In honor of Pride Weekend here in Chicago, I took a look over the last few days at some of the movies Netflix categorizes as Gay and Lesbian. Perhaps not surprisingly, most of them featured a straight main character who has an over-the-top gay friend. Sassy Pants, for example, is about a young woman breaking free of her overprotective mother’s neurotic clutches. It is grouped with gay cinema because the protagonist’s father left his family for another man (played by Haley Joel Osmont, a long way from seeing dead people in The Sixth Sense). However, it doesn’t say anything about gay culture except: OMG having a gay bestie to sashay around the mall with is awesome, for realsies!!1!

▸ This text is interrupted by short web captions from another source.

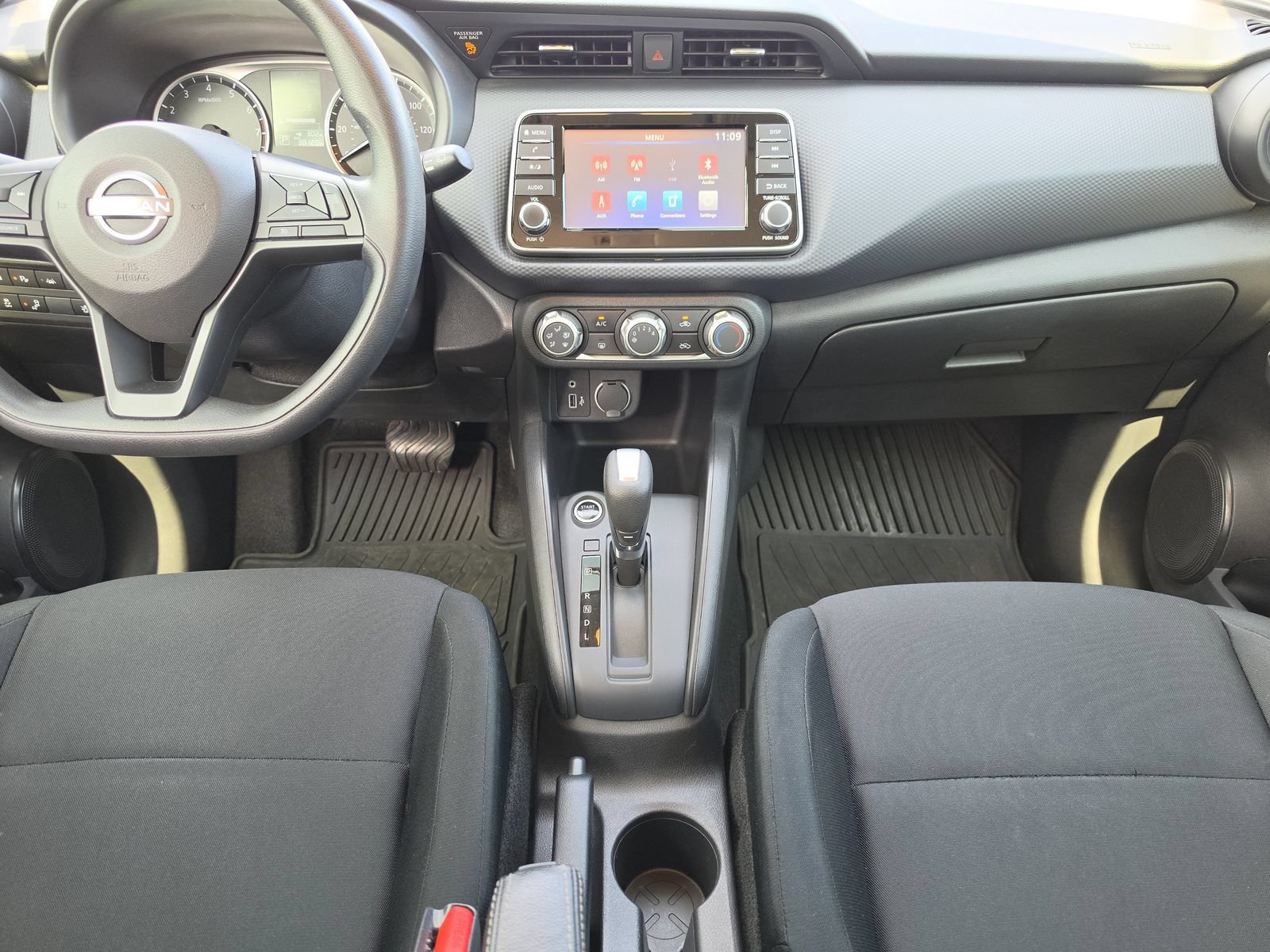 Used 2023 Nissan Kicks S FWD image 19
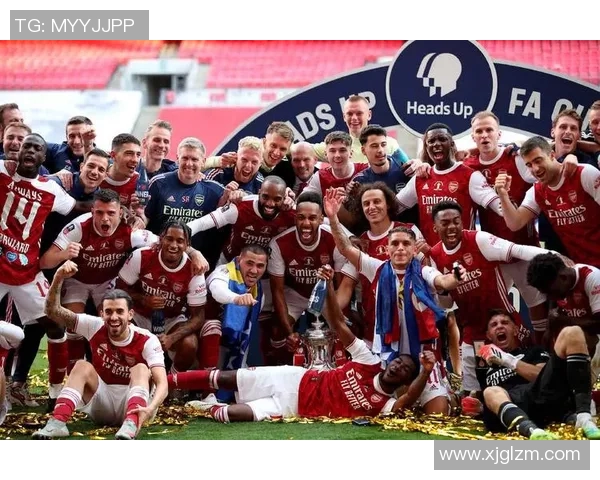 拜仁慕尼黑与瓦伦西亚决赛激战回顾精彩瞬间与战术分析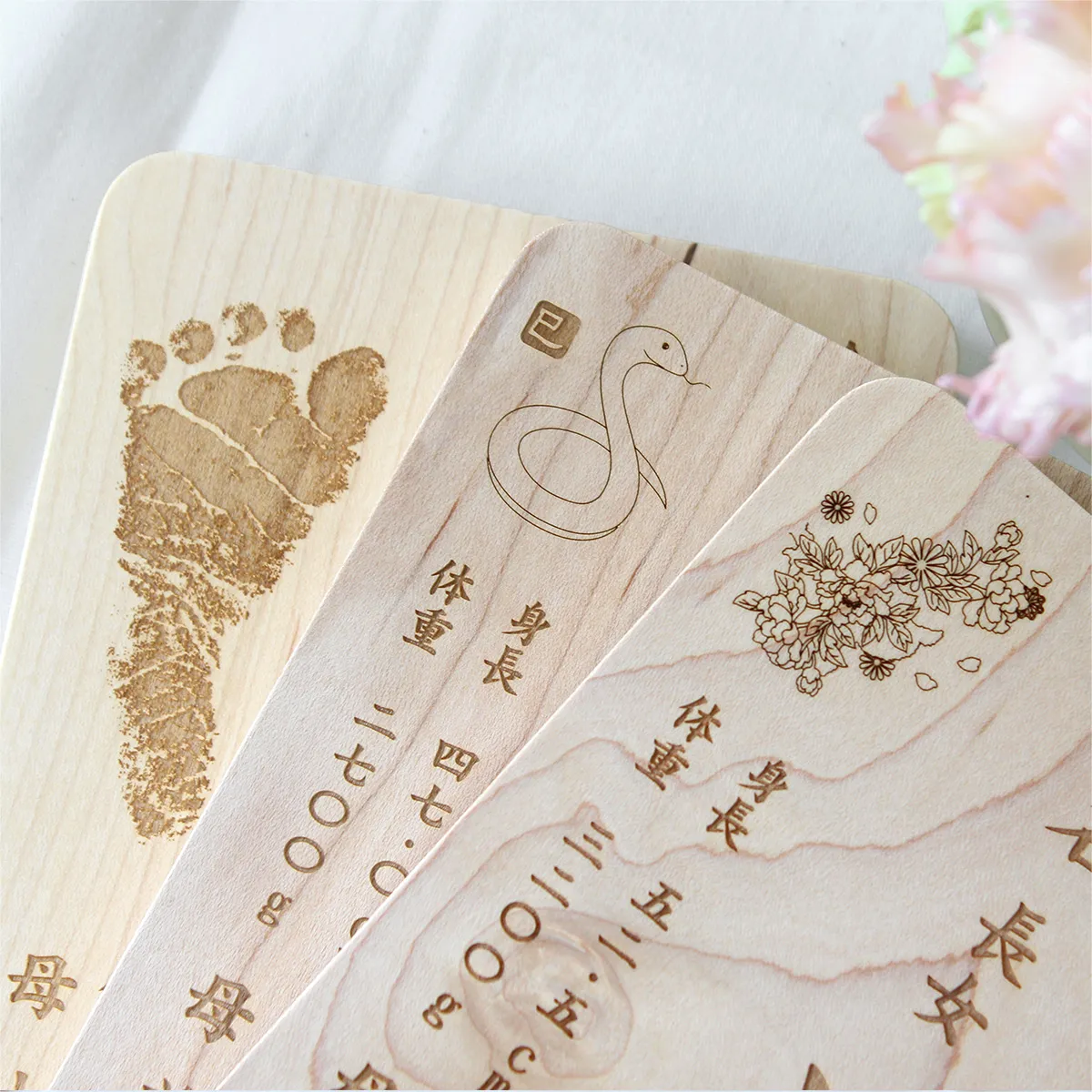 【刻印代込】かけがえのない瞬間を刻む。B6サイズの木製命名書・命名紙 出産祝い お七夜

Of course there is nothing wrong with a film featuring a gay character surrounded by straight folks. The problem is that so many of those gay characters fall into safe stereotypes. Every cute heroine searching for love needs a gay buddy who gives sassy advice! And how many times have we seen the hero’s runt of a sidekick threatened by a butch lesbian in a seedy bar?
Gay people! They are defined by their sexual preference, and it is pure komedy.
However there are a few jewels in the rough. I have known of Kissing Jessica Stein for several years, but this was my first viewing. To my delight, it is a quirky, intelligent comedy driven by two extraordinary performances– Heather Juergensen as the confident, adventurous Helen and Jennifer Westfeldt (Ira and Abby, Friends with Kids) as the rule abiding, borderline neurotic Jessica.
Jessica is a copy editor who is unlucky in love, mainly because she detests even the smallest imperfections in her dates. She has only ever dated men, so when she answers a “woman seeking woman” ad (because it quotes her favorite poet Rainer Maria Rilke) she doesn’t tell her friends or family. The ad was placed by Helen, who has many male lovers but who wouldn’t mind adding a woman to the mix. The two quickly strike sparks. Helen is certainly the aggressor while Westfeldt gets a lot of laughs from her depiction of Jessica’s wishy-washy approach to a lesbian relationship. She’s like a little kid at a swimming pool: dip one toe in and then yank it back right away.
Eventually they consummate their relationship, but still all is not well. I was reminded of a letter in Dan Savage’s column in which a straight young man complained that as much as he tried to be receptive to a same-sex relationship in the name of open-mindedness, he could not become sincerely attracted to another man. Savage’s response was simple: you are straight. You can be open-minded all you want, but at the end of the day you are still a straight man. This is also Jessica’s problem. She has a strong connection to Helen, to be sure, but she isn’t a lesbian, not really. In one of the best scenes in the movie, she tries to describe her and Helen’s relationship to a coworker, and while she can easily list all of Helen’s wonderful qualities, she trails off saying “But she’s skinny and she has skinny arms, and it’s just all wrong, wrong, wrong.” She loves Helen, but she can’t love her in the right way.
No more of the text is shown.